Le peintre Horace Vernet (1789-1863) a effectué plusieurs voyages en Algérie à la demande du roi Louis-Philippe et en 1837 il visita le Palais qui, à peine achevé, rayonnait de toutes ses beautés. Il résuma ainsi tout ce qu'il avait vu, donc ce que l'auteur de l'article vous a détaillé. "Figurez-vous une délicieuse décoration d'opéra, tout de marbre blanc et de peintures aux couleurs les plus vives, d'un goût charmant, des eaux coulant de fontaines ombragées d'orangers, de myrtes etc ... enfin un rêve des mille et une nuits" .
On insiste toujours sur le contraste que présentent l'extérieur et l'intérieur du palais. On comprend que tout cet assemblage de maisons dissemblables ne pouvait que donner un mur étonnant avec des fenêtres petites et irrégulières ! On a aussi émis l'idée que l'on préférait ne pas montrer l'intérieur d'une maison surtout s'il est fastueux ... C'est plausible ...
Pour agrandir ses possessions et collectionner objets et meubles précieux, le Bey jetait son dévolu sur les belles demeures. Il faut reconnaître qu'au début il versait des dédommagements ou procédait à des échanges.
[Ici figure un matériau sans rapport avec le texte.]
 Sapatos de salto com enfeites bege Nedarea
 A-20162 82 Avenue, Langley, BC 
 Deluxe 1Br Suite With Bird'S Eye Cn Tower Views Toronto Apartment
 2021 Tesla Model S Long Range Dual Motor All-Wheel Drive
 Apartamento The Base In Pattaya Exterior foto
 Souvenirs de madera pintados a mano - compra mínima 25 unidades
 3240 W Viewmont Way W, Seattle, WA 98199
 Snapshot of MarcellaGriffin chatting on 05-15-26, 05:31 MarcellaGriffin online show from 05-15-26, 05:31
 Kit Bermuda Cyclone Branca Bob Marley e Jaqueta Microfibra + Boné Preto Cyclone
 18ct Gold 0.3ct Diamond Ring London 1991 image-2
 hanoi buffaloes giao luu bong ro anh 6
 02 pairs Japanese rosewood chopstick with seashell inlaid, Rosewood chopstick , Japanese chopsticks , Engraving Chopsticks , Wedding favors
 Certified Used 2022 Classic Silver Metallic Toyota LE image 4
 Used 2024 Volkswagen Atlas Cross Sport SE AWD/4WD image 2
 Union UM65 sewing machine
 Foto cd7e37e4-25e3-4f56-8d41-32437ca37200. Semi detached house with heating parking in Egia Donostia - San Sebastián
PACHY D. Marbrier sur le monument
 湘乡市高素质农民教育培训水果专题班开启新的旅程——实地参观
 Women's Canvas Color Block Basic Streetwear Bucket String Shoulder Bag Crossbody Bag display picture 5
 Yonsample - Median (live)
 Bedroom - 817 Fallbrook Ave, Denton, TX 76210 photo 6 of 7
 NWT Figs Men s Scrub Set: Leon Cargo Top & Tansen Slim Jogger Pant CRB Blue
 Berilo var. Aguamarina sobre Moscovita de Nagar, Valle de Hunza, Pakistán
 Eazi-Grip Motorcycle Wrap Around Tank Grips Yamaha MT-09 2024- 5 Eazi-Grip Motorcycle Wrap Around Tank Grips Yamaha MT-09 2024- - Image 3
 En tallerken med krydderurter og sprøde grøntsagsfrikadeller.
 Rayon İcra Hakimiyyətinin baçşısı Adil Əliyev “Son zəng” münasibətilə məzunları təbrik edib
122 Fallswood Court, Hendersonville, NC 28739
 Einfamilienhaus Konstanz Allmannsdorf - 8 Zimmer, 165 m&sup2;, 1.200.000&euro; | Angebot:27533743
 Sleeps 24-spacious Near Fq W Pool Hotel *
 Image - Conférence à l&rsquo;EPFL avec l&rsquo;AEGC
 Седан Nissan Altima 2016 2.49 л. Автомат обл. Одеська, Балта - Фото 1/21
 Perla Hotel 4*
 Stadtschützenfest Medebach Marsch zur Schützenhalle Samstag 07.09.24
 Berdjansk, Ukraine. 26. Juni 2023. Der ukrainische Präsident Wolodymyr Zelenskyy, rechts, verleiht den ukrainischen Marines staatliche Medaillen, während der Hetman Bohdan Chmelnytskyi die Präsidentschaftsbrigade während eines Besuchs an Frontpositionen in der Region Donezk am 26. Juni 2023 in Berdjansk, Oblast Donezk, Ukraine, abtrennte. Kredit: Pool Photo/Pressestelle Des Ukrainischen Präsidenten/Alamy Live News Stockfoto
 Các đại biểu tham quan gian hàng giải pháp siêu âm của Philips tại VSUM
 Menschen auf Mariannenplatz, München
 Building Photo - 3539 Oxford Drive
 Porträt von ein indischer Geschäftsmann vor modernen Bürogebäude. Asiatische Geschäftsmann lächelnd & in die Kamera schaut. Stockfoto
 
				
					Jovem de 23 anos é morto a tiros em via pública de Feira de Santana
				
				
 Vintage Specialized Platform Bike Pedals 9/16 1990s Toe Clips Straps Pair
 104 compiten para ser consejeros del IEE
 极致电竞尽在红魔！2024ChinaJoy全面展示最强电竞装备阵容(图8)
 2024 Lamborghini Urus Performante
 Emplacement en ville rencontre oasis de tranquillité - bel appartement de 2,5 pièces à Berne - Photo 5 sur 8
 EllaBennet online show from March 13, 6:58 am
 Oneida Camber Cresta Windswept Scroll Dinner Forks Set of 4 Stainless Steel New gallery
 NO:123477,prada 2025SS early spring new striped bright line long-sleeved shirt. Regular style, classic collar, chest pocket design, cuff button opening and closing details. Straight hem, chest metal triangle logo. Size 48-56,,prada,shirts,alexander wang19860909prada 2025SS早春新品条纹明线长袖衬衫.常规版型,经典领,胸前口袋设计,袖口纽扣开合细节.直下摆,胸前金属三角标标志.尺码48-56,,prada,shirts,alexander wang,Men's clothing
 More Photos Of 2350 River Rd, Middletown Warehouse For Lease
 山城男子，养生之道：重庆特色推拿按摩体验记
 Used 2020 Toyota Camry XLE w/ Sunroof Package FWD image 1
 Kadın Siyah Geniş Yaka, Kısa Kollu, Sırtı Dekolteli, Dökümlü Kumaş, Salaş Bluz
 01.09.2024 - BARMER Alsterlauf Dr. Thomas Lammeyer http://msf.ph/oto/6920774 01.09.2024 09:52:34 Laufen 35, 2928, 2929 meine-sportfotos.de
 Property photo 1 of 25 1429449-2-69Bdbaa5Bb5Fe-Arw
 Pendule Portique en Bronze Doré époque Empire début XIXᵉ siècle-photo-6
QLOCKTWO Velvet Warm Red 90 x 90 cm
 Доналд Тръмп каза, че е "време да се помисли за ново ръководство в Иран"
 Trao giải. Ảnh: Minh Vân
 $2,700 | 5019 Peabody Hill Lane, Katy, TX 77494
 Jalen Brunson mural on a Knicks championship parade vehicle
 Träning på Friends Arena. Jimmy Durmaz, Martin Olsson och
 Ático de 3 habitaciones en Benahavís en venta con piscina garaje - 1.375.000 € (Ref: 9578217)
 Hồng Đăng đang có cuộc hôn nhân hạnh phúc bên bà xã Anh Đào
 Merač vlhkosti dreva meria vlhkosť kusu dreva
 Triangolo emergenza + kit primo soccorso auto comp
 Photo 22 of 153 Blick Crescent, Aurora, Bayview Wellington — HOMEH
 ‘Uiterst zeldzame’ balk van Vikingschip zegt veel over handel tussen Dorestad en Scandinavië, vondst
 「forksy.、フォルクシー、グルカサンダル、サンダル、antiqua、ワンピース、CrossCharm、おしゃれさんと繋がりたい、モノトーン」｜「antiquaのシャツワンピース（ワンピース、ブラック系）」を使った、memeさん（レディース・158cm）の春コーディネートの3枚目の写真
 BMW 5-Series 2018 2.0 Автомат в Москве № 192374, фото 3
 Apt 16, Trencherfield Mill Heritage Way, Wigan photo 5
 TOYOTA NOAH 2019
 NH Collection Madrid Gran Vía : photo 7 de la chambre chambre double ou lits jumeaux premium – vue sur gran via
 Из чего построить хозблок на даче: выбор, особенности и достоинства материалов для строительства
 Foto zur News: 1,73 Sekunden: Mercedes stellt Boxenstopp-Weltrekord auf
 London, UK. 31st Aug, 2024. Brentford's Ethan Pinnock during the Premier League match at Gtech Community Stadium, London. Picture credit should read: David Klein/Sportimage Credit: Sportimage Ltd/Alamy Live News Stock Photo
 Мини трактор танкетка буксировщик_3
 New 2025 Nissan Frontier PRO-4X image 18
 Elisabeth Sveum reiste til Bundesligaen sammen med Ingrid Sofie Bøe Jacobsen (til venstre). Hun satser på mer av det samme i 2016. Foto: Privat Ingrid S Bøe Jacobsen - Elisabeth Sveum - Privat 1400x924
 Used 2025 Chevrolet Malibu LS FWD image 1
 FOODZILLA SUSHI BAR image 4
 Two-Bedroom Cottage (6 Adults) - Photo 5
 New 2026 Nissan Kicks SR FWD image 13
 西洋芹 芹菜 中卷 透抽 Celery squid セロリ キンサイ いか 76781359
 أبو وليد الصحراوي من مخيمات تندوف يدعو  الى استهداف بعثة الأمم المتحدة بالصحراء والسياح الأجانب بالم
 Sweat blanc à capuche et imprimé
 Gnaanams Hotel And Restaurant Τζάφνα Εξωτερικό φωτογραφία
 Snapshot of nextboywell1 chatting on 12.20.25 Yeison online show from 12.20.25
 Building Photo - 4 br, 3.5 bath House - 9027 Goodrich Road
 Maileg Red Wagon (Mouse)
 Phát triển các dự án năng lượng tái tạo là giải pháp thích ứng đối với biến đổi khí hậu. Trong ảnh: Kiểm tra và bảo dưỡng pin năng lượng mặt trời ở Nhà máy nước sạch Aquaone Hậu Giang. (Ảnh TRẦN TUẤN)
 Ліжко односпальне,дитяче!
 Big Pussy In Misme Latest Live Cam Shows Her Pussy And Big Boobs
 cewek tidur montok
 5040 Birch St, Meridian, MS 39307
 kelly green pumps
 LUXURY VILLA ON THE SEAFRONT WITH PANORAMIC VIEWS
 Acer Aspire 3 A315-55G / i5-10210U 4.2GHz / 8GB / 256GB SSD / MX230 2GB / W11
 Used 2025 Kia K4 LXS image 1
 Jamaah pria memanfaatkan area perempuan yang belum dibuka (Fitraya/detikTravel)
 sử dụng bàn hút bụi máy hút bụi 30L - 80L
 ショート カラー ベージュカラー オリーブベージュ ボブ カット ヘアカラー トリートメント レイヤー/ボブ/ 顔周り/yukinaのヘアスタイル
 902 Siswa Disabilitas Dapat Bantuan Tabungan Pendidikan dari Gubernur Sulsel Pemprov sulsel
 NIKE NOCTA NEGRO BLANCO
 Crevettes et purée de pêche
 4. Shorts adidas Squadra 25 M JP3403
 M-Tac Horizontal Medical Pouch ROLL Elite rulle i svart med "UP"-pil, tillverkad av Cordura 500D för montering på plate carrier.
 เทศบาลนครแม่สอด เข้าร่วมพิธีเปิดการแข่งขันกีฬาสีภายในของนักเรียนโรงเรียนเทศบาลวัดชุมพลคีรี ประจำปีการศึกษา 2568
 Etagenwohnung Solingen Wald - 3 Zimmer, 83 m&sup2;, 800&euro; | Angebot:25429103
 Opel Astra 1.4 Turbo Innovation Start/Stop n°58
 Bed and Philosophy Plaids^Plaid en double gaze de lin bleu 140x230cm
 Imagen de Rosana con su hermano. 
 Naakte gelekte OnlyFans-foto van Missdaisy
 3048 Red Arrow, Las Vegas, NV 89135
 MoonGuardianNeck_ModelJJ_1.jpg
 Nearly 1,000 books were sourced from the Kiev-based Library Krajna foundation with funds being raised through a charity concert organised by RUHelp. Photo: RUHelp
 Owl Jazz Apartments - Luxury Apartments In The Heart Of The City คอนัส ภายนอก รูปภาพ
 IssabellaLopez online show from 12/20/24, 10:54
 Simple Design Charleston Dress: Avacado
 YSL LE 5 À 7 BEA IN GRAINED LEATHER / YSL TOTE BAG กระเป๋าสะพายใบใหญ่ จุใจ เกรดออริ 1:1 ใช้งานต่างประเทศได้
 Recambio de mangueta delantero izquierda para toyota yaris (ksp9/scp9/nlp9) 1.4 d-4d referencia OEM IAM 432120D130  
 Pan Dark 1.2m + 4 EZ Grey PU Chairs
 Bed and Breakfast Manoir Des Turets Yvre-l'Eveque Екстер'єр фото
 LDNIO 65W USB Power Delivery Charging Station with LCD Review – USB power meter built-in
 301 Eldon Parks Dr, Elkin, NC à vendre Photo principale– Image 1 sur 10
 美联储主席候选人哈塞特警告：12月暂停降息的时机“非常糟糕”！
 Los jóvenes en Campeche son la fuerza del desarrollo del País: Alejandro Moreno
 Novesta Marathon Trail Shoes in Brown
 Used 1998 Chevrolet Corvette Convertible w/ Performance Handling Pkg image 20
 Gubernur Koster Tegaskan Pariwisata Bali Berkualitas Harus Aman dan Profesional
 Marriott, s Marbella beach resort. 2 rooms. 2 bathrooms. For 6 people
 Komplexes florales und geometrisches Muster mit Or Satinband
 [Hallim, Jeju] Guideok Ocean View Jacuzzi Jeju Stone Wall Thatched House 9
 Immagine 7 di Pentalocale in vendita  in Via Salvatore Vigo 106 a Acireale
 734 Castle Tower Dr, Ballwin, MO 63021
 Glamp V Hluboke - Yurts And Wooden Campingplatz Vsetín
Mais cette façon courtoise fut éphémère ! Il lui tardait tellement d'amonceler des beautés diverses qu'il se mit à agir avec brutalité : on a vu la réaction du Bey d'Alger ! Et cette boulimie le reprit ...
Cette étonnante fresque se situe dans la galerie qui entoure "Le Grand Jardin" . Comme dans un vieux conte "Les voyageurs racontent ..... " comment l'Intendant Général du palais se vit intimer l'ordre, par son souverain-maître, de trouver un peintre qui couvrirait de peintures les murs trop nus de ce pavillon. L'Intendant comprit qu'il avait intérêt à en trouver un mais, hélas, il ne put trouver un vrai artiste dans la ville ... Le désespoir commençait à l'envahir quand il se souvint qu'un "chien de chrétien" (sic) croupissait dans une geôle depuis deux ans. Il le fit venir, lui donna un matériel de peintre, lui expliqua ce que voulait le Bey et le menaça de vingt-cinq coups de fouet s'il ne lui montrait aucune peinture dans les trois jours. En cas de réussite on lui rendrait sa liberté.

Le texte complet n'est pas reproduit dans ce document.